*THE DATA*.
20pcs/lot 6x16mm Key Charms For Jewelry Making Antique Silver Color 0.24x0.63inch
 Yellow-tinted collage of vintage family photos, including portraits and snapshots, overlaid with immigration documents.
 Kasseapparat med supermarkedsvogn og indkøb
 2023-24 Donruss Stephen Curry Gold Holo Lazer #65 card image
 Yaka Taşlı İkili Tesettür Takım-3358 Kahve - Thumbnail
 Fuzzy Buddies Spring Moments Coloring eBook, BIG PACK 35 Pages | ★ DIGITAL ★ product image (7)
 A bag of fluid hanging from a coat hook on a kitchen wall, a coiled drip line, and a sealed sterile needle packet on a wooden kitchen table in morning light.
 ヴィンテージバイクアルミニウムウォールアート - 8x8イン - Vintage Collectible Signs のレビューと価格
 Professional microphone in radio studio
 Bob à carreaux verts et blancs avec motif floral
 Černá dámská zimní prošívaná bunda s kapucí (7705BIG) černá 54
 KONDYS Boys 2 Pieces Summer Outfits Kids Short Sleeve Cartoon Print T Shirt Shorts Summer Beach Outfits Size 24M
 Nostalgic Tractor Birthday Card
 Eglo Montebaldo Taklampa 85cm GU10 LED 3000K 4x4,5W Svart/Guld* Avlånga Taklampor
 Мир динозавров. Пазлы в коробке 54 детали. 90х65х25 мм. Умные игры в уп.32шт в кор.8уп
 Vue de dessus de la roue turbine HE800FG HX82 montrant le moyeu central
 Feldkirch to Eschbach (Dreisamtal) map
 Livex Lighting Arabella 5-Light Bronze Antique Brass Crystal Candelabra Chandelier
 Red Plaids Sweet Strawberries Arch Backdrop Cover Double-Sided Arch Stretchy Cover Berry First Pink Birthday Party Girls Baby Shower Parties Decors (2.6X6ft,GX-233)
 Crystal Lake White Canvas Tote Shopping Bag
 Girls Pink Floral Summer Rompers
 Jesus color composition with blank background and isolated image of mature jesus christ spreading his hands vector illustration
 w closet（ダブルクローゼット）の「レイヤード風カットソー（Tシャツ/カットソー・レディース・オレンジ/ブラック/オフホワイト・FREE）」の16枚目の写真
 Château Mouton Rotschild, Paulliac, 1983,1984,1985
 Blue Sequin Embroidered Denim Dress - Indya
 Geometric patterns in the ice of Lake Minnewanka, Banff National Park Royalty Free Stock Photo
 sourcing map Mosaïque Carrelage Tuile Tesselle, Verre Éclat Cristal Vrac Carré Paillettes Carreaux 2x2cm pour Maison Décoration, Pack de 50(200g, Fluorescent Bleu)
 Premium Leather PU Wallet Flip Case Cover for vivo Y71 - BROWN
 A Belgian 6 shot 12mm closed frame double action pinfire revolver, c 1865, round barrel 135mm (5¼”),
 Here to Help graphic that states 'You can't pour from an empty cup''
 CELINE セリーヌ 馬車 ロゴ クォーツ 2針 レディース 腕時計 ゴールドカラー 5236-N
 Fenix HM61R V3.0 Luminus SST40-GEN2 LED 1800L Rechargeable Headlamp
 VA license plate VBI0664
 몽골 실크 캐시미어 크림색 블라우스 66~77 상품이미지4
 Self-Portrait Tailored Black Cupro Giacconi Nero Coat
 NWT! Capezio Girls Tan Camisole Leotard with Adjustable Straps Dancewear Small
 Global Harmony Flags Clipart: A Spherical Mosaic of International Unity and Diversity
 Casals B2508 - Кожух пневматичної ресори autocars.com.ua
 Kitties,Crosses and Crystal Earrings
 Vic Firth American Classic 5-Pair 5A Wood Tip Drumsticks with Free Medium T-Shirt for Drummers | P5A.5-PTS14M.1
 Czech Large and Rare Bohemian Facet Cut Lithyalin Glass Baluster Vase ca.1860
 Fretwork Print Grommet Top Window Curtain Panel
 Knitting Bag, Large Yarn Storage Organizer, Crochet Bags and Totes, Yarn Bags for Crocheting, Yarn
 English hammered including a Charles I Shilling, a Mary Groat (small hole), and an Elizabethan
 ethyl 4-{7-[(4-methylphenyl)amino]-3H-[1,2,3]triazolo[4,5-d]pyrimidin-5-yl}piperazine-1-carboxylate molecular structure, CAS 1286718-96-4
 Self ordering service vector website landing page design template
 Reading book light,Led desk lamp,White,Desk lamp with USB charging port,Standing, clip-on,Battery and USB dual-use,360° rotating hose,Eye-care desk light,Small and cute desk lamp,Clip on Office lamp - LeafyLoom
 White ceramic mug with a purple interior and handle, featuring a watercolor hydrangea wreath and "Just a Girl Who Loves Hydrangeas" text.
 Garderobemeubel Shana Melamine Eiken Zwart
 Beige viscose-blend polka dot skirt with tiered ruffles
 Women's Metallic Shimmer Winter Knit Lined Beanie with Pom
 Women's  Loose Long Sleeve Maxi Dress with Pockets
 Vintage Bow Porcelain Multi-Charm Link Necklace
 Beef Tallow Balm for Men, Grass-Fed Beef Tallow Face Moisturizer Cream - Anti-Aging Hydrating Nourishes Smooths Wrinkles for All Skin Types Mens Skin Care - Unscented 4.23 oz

*EXERCISE PROMPT*. Show all lines above that contain "Women".

*ANSWER SECTION*.
 Women's Metallic Shimmer Winter Knit Lined Beanie with Pom
 Women's  Loose Long Sleeve Maxi Dress with Pockets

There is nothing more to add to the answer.